Формула изобретения Claim

1. Вакцина для иммунопрофилактики инфекционных заболеваний, содержащая в качестве адъюванта дериват синтетических производных фталгидразида (адъюванта Абидова), а также фармацевтически приемлемый носитель и/или разбавитель. 1. A vaccine for the immunoprophylaxis of infectious diseases, containing as an adjuvant a derivative of synthetic derivatives of phthalhydrazide (Abidov's adjuvant), as well as a pharmaceutically acceptable carrier and/or diluent.

2. Применение деривата синтетических производных фталгидразида (адъюванта Абидова) в качестве адъюванта для повышения иммуногенности средств специфической иммунопрофилактики инфекционных заболеваний вне зависимости от их природы. 2. The use of a derivative of synthetic derivatives of phthalhydrazide (Abidov's adjuvant) as an adjuvant to increase the immunogenicity of agents for specific immunoprophylaxis of infectious diseases, regardless of their nature.

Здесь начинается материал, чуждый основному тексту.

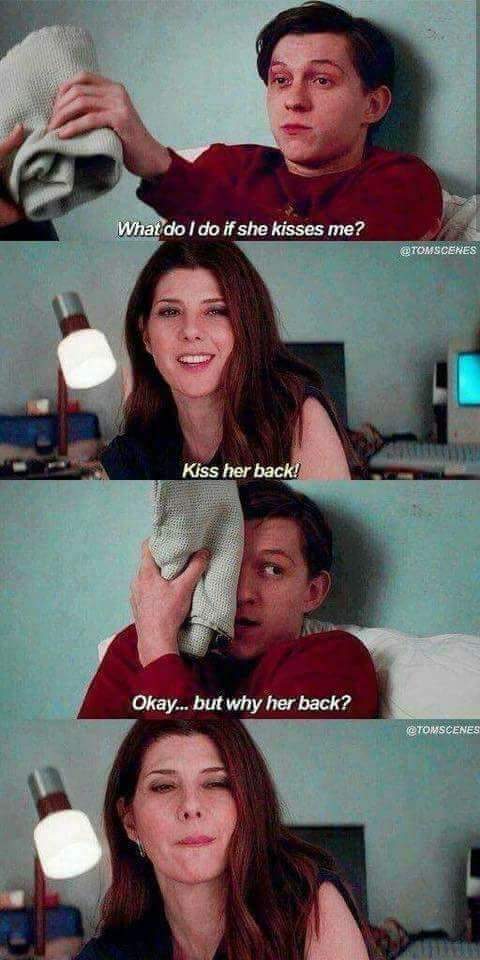 tom holland funny meme - What do I do if she kisses me? Kiss her back! Okay... but why her back?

3. Способ повышения иммуногенности средств специфической иммунопрофилактики инфекционных заболеваний вне зависимости от их природы, включающий использование деривата синтетических производных фталгидразида (адъюванта Абидова): путем введения его внутримышечно одновременно с антигеном или иммуногеном, но в раздельных шприцах; либо путем введения его внутримышечно трехкратно: за 3 суток, за двое суток, за сутки до введения антигена или иммуногена; либо введение его вместе с антигеном или иммуногеном. 3. A method for increasing the immunogenicity of means of specific immunoprophylaxis of infectious diseases, regardless of their nature, including the use of a derivative of synthetic derivatives of phthalhydrazide (Abidov's adjuvant): by administering it intramuscularly simultaneously with the antigen or immunogen, but in separate syringes; or by introducing it intramuscularly three times: 3 days, two days, one day before the introduction of the antigen or immunogen; or introducing it together with an antigen or immunogen.

4. Способ по п.2, где адъювант Абидова используют в разовой дозе 300 мкг/мл (150 мкг/особь) внутримышечно в шприце при раздельном с антигеном или иммуногеном введении; используют в дозе от 0,01 до 1000 мг/мл одновременно с введением антигена или иммуногена, при этом иммуногенность инактивированных и химических вакцин повышается не менее чем в 3 раза, иммуногенность живых вакцин повышается, не влияя на их безопасность по средствам снижения реактогенности, иммуногенность ассоциаций полианатоксинов повышается не менее чем на 30 % для каждого из входящих в ассоциацию антигена (анатоксина). 4. The method according to claim 2, where Abidov's adjuvant is used in a single dose of 300 μg / ml (150 μg / individual) intramuscularly in a syringe when administered separately from an antigen or immunogen; used at a dose of 0.01 to 1000 mg / ml simultaneously with the introduction of an antigen or immunogen, while the immunogenicity of inactivated and chemical vaccines increases by at least 3 times, the immunogenicity of live vaccines increases without affecting their safety by means of reducing reactogenicity, immunogenicity associations of polyanatoxins increases by at least 30% for each of the antigen (anatoxin) included in the association.